Under the assumption of Gaussian uncertainties and independence of data, $$ \ln L = \text{constant} - \frac{1}{2} \sum_{i=1}^{N} {\dfrac{(y_i-f(x_i))^2}{\sigma_i^2}} = \text{constant} - \frac{\chi^2}{2} $$

1.4. Maximizing the posterior#

Tasks:

Define the function to be minimized in order to maximize the posterior.
Choose appropriate starting values for the minimization routine.

def neg_ln_posterior_norm(theta):
    amplitude, location, width = theta
    return ...

min_result_norm = minimize(neg_ln_posterior_norm, x0=[..., ..., ...], method='Nelder-Mead')
est_amplitude, est_location, est_width = min_result_norm.x


print(min_result_norm)
print()
print("| PARAMETER  |  ESTIMATION  |  TRUTH  |")
print(f"| amplitude  | {est_amplitude:11.3f}  | {true_amplitude:6.3f}  |")
print(f"| location   | {est_location:11.3f}  | {true_location:6.3f}  |")
print(f"| width      | {est_width:11.3f}  | {true_width:6.3f}  |")
print()
print("At best-fitting values...")
lnL_norm = ln_likelihood_norm(*min_result_norm.x)
lnP_norm = ln_posterior_norm(*min_result_norm.x)
print(f"  * log-prior      : {ln_prior(*min_result_norm.x):.6f}")
print(f"  * log-likelihood : {lnL_norm:.6f}")
print(f"  * log-posterior  : {lnP_norm:.6f}")

[Solution below]

def neg_ln_posterior_norm(theta):
    amplitude, location, width = theta
    return -ln_posterior_norm(amplitude=amplitude, location=location, width=width)
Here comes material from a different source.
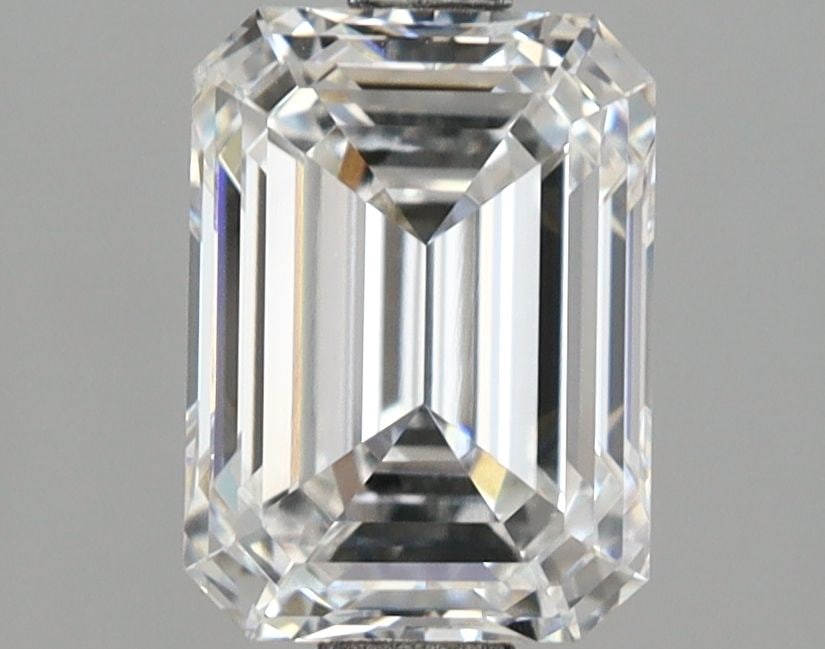 Loose Lab Diamond - IGI Emerald 2.08ct D IF: Loose Lab Diamond - IGI Emerald 2.08ct D IF This listing features Loose Lab Diamond - IGI Emerald 2.08ct D IF. Item specifics are provided below. Item Specifics: Source: This Is A Real Diamond Grown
min_result_norm = minimize(neg_ln_posterior_norm, x0=[fiducial_amplitude, fiducial_location, fiducial_width], method='Nelder-Mead')
est_amplitude, est_location, est_width = min_result_norm.x


print(min_result_norm)
print()
print("| PARAMETER  |  ESTIMATION  |  TRUTH  |")
print(f"| amplitude  | {est_amplitude:11.3f}  | {true_amplitude:6.3f}  |")
print(f"| location   | {est_location:11.3f}  | {true_location:6.3f}  |")
print(f"| width      | {est_width:11.3f}  | {true_width:6.3f}  |")
print()
print("At best-fitting values...")
lnL_norm = ln_likelihood_norm(*min_result_norm.x)
lnP_norm = ln_posterior_norm(*min_result_norm.x)
print(f"  * log-prior      : {ln_prior(*min_result_norm.x):.6f}")
print(f"  * log-likelihood : {lnL_norm:.6f}")
print(f"  * log-posterior  : {lnP_norm:.6f}")

[End of solution]

In-class discussion: The fit was successful and we got parameters close to the truth. Is the Gaussian model validated?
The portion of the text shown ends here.